W tym roku w Jerozolimie odbędą się wybory samorządowe i jednym z faworytów wśród ewentualnych następców wieloletniego burmistrza Nira Barkata – to właśnie on wymyślił nowoczesną linię tramwajową, m.in. jako sposób na przyciągnięcie turystów – jest kandydat Charedim. Szacuje się, że spośród Żydów mieszkających w Jerozolimie ortodoksów jest więcej niż tych określanych jako świeckich, a warto pamiętać, że blisko połowa mieszkańców miasta to Palestyńczycy.
„Mężczyźni to nie zwierzęta”Pomysł rzecz jasna krytykują radni miejscy ze „świeckiej” partii Yerushalmim, którzy zwracają uwagę, że zwykle zaczyna się od próśb, ale sprawy szybko przeradzają się w twardą segregację i wszyscy pamiętają, jak było z niektórymi autobusami. Zdarzało się, że kobiety, które siadały z przodu autobusu były obrażane i grożono im. – Mężczyźni to nie zwierzęta i nie ma powodu, by nie mogli podróżować w tym samym wagonie co kobiety – ostro komentuje kampanię radna Fleur Hassam-Nahum. – Jeśli ktoś nie umie się kontrolować w tramwaju, to jego problem. Mogę go grzecznie poprosić, by szedł na piechotę – dodaje.

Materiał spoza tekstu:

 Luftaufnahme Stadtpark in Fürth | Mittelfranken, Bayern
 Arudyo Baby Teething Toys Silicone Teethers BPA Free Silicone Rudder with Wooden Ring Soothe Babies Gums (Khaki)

To nie pierwsza awantura w Jerozolimie, z tramwajem w tle. Uruchomiona w 2011 r. pierwsza z planowanej sieci linia (na razie jedyna), to podstawa systemu transportowego miasta, przechodząca przez dzielnice żydowskie i palestyńskie, przewożąca rocznie prawie 37 mln pasażerów. Gdy ją uruchamiano,
projekt potępiła Rada Praw Człowieka ONZ, bo tramwaj uznawano za zakamuflowany sposób na zwiększenie wpływów izraelskich na ziemiach zamieszkanych przez Palestyńczyków. Veolia i Alstom, które budowały sieć i dostarczały tabor,
mierzyły się z bojkotem w niektórych państwach arabskich. W 2014 r., podczas tzw. „Cichej Intifady,” palestyńscy bojówkarze zniszczyli trzy przystanki i uszkodzili część taboru. Z drugiej strony w samym Izraelu uznawano, że tramwaj ułatwi przenikanie palestyńskich terrorystów na tereny izraelskie, a w czasie szabasu w dzielnicach zamieszkanych przez Charedim tramwaj bywa obrzucany kamieniami.